===== Extracted records =====

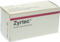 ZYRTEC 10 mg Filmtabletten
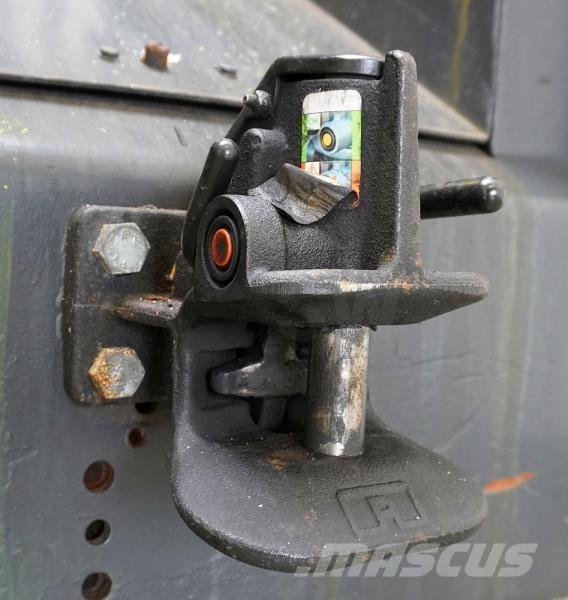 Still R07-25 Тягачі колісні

=====
===== Extracted records =====

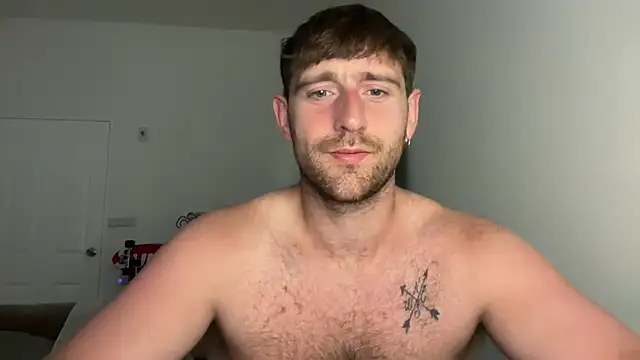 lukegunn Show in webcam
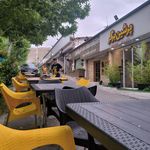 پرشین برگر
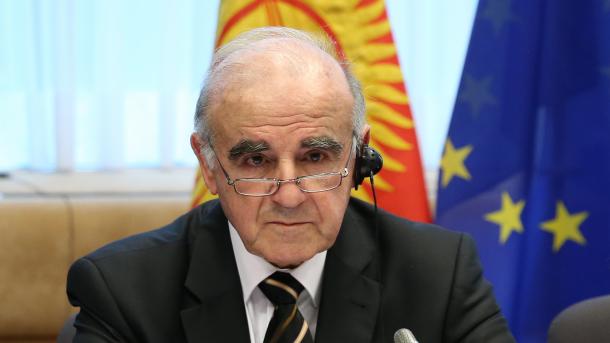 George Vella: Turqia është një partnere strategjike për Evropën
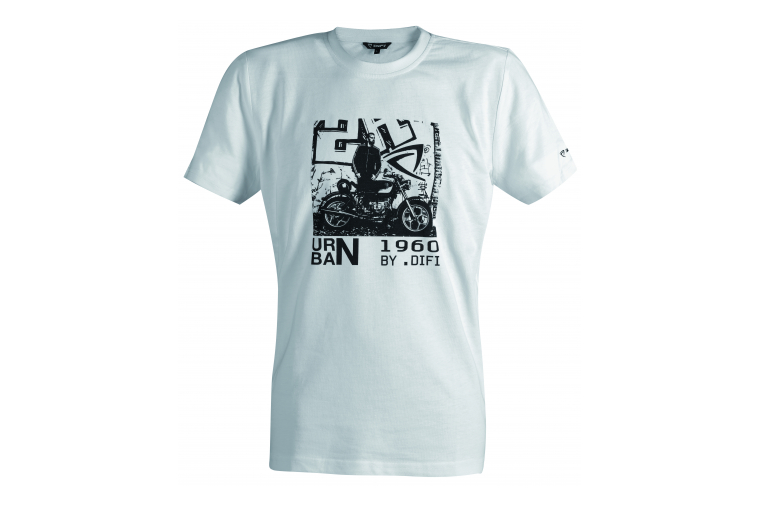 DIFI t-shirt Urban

=====
===== Extracted records =====

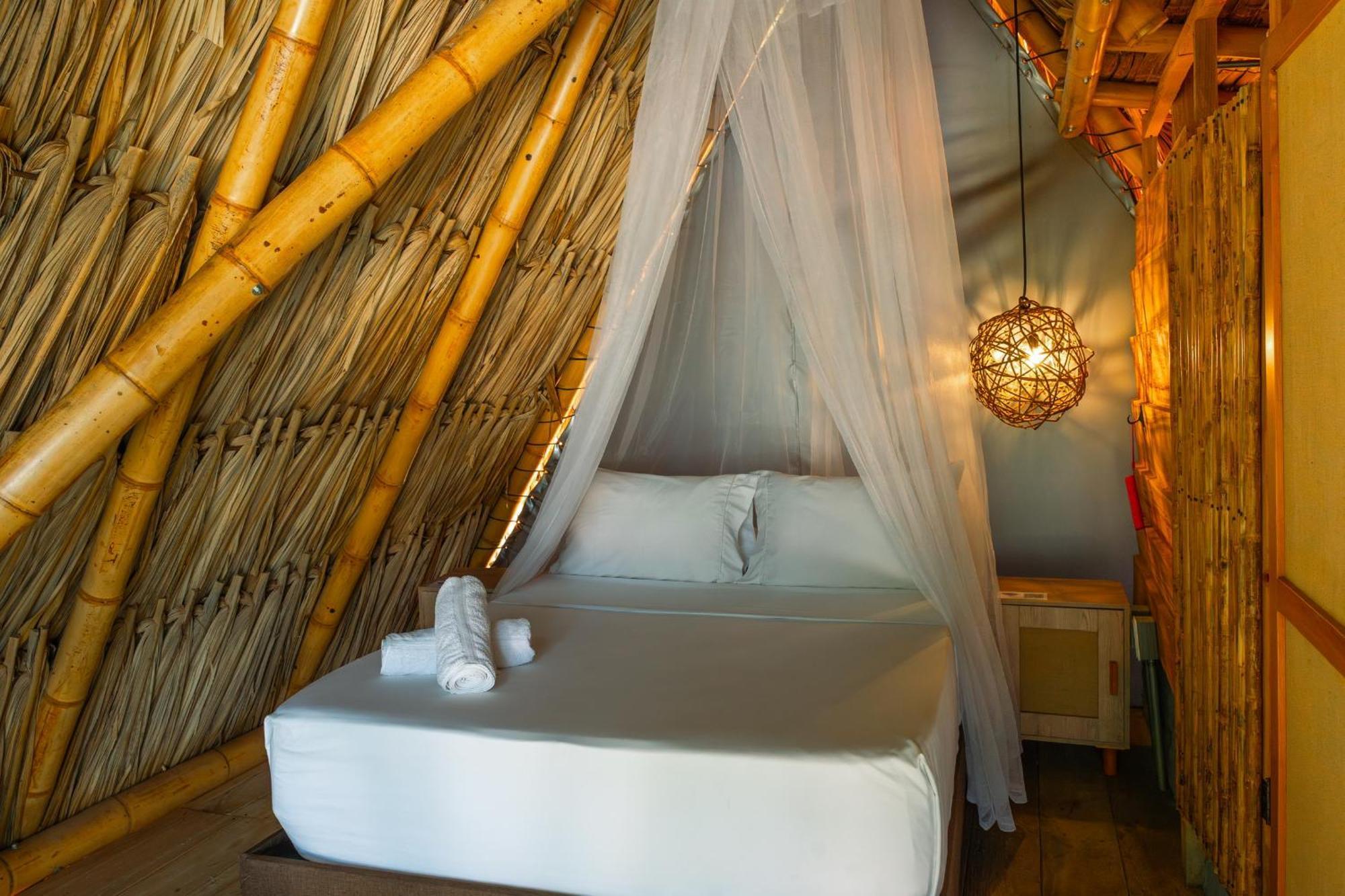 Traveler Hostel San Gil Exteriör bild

=====

What you will do: Reproduce the data above exactly, but only from the line containing "ZYRTEC 10 mg Filmtabletten" through the line containing "Still R07-25 Тягачі колісні"; skip the pictures.

Answer section:
 ZYRTEC 10 mg Filmtabletten
 Still R07-25 Тягачі колісні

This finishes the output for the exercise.